Mounted atop the cartoner infeed, the inserter assembly has its own photocell sensor for no- literature/no-carton alarming, but Access wanted a sensor as close as possible to actual insertion into the carton to ensure the literature really does go into the carton. By aiming the Omron F30 vision sensor at a narrow gap between the product flight and the funnel leading into the carton, Access is just inches shy of having the sensor right in the carton.

First, the inserter places prefolded product literature from a supply magazine into a conveyor flight. This is done at the cartoner’s continuous-motion pace of 75 to 80 cartons/min.
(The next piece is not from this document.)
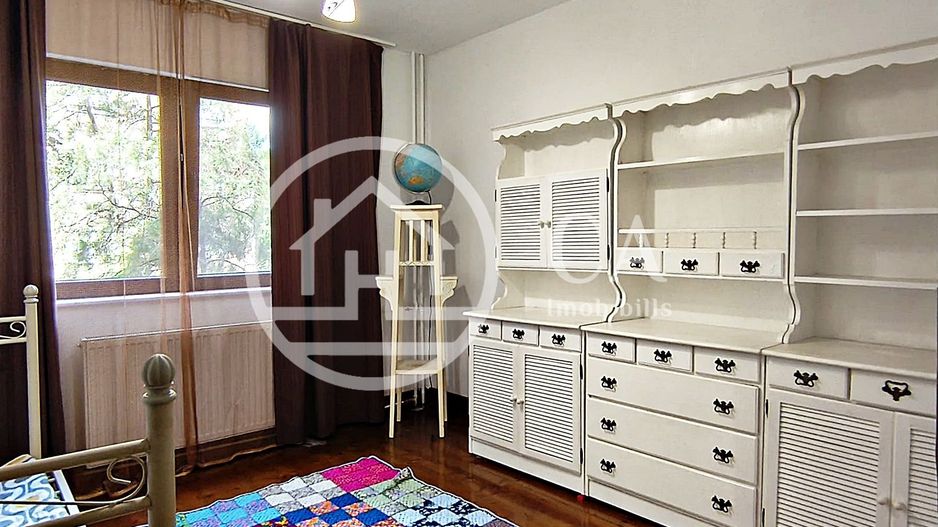 Apartament de închiriat cu 4 camere în zona Rogerius, Oradea - Poză 10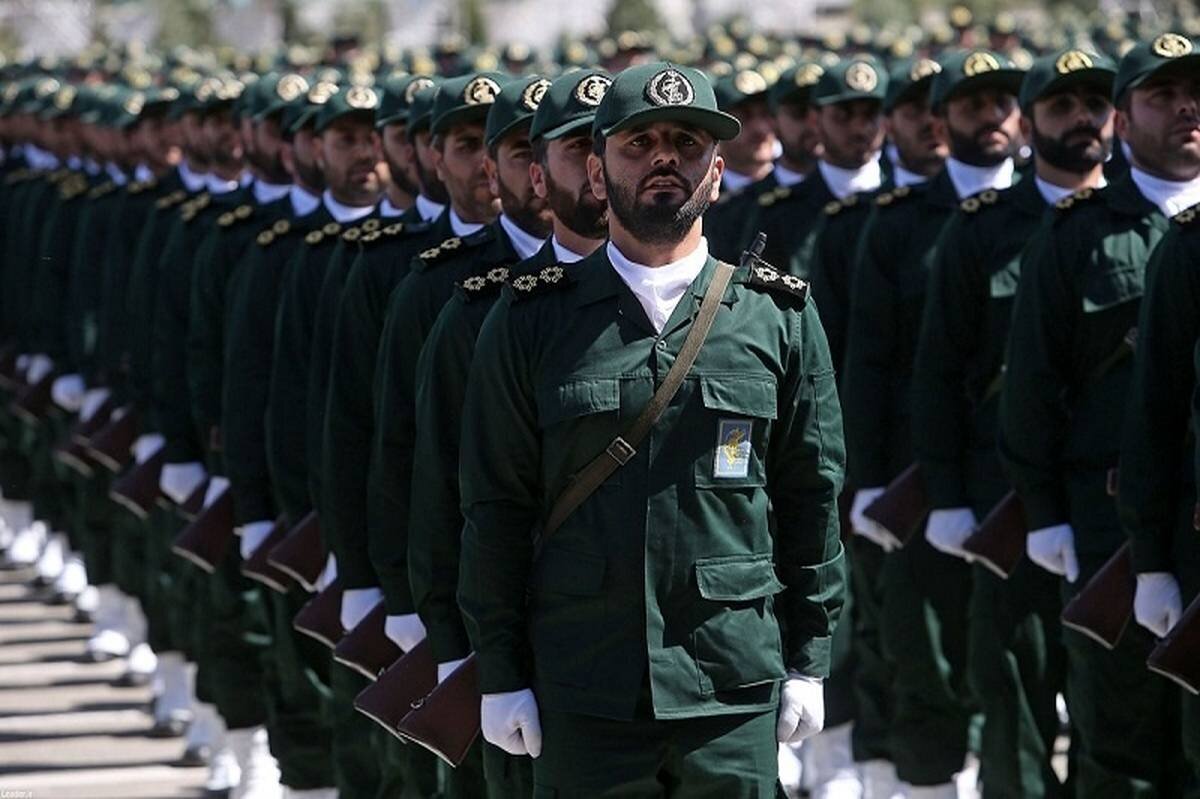 ملت ایران و سپاه پاسداران در جنگ رمضان از آزمون بزرگ و الهی سرافراز بیرون آمدند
A side conveyor brings in the skin care product, in tubes or jars, that are transferred into each flight atop the literature.

Into the side pocket

Access saw that this setup wouldn’t work because a sensor read on the literature could not be made with the product covering it.

In a development breakthrough, Access senior set-up engineer Rob Skrobot designed a thin metal bar along the side of each of the 58 flights into which the literature could be inserted. The literature is placed on-edge in this narrow “side pocket” within each flight. Access also redesigned the plastic “block” into a hollowed arch that pushes the product and literature together into the carton. The wider leg of the arch pushes the product into the carton as the other, narrower leg slides through the literature-containing side pocket to push the literature into the carton. The flight-to-flight transfer of product and literature into the carton is made via a stationary funnel.

The F30 is aimed at the ¼’’ gap between the flight and the funnel. This view is seen on a 9’’ black-and-white monitor mounted atop the cartoner. A small hand controller, also from Omron, wired through the cartoner’s control panel, uses a simple five-button operation for all set-up functions. These include setting the window size, sensitivity level and other parameters.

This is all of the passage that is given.